TALKING WITH CHILDREN ABOUT DEATH

TALKING WITH CHILDREN ABOUT DEATH

Whenever we have to talk to children about death, our natural instincts are to shelter them from hurting.  When it comes to this life lesson, we become fiercely protective of them and don’t want them to experience pain.  The truth of the matter is that as parents or guardians, we teach our children about life, but just as importantly, we need to teach our children about death.  We all know that in the natural world, like all living things, humans have a limited life span and that death is inevitable.  Preparing our young people to understand death is vital to their growing up process.  The most important approach to this life’s lesson is for you to be honest with them and speak from your heart.  You will find that by being honest, children can face the death of their loved ones more realistically.  Reflect on your own experience of understanding death and how you learned about death.  That will help you better understand how important honesty is in learning about this life lesson.   

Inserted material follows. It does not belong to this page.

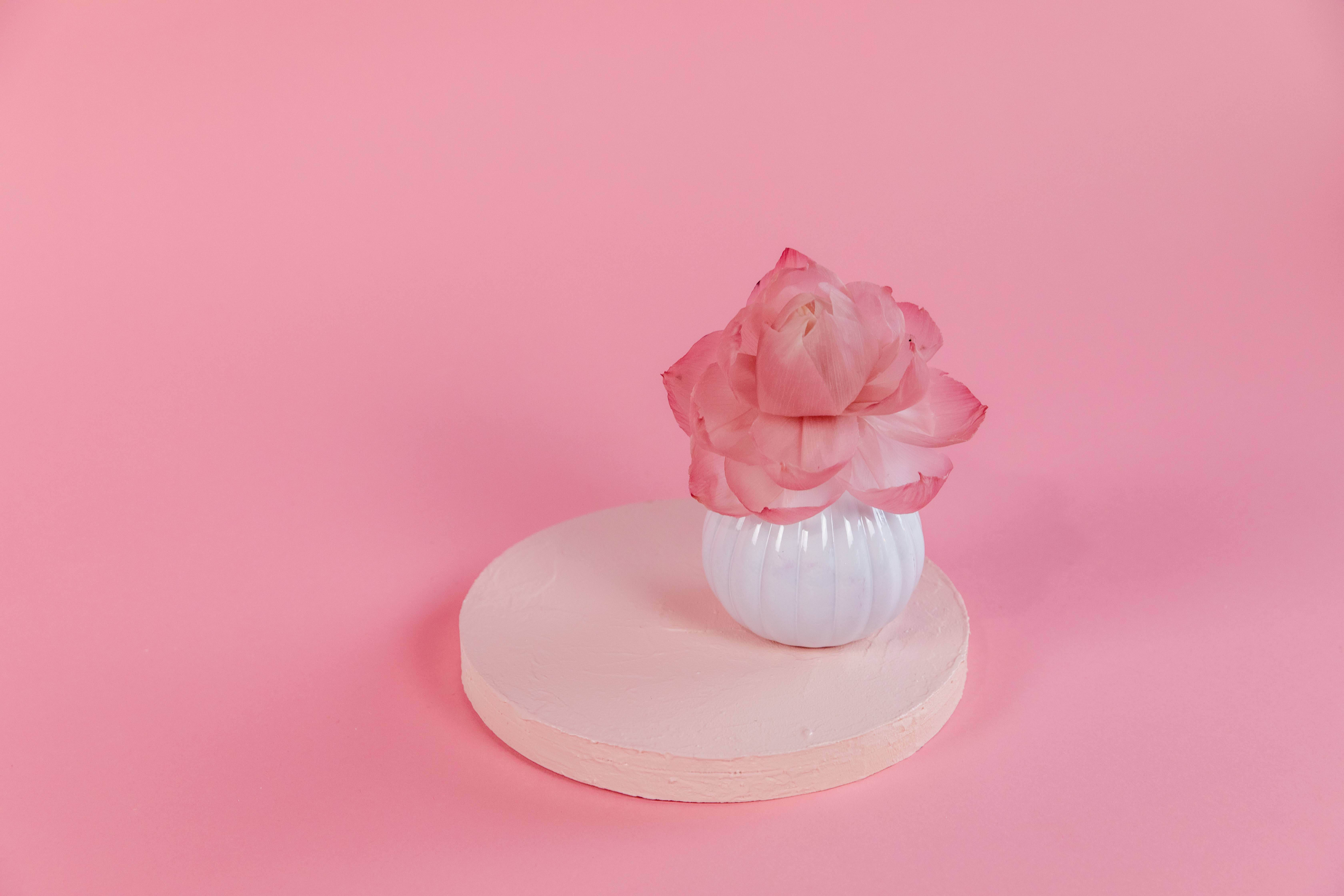 Bridgewater Candle Company - Wholesale Reed Diffuser - Sweet Grace Flower Diffuser4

Also, ask them if they want to attend the funeral instead of making a protective choice for them.  You’d be surprised how curious they are; and, innately, they already know something, or should I say someone, in their life has changed.  The more you avoid the subject, the harder you make it for them to understand what is happening around them.  Make sure you check in with them from time to time during and after the experience and give them the freedom to think and process their thoughts and feelings on an ongoing basis.  

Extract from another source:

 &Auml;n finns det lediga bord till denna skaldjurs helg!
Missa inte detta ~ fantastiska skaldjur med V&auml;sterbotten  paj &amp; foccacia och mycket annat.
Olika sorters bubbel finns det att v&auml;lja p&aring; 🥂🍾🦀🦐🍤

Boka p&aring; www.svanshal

Sharing the spiritual aspects of death are also important to help children understand that we are spiritual beings in physical bodies and that our spirits live even though our bodies die.  Use age appropriate word choices and allow children the space to ask questions and talk about death.  Don’t hesitate to share bible stories about people in the Scriptures who had loved ones die and how they found comfort in God’s promises of heaven and eternal life.  Scriptures reveal time and again that God feels sorrow and is closer than ever to the brokenhearted and those who are grieving.  Acknowledge family members who have died as examples of how your thoughts, prayers and beliefs helped you through it.  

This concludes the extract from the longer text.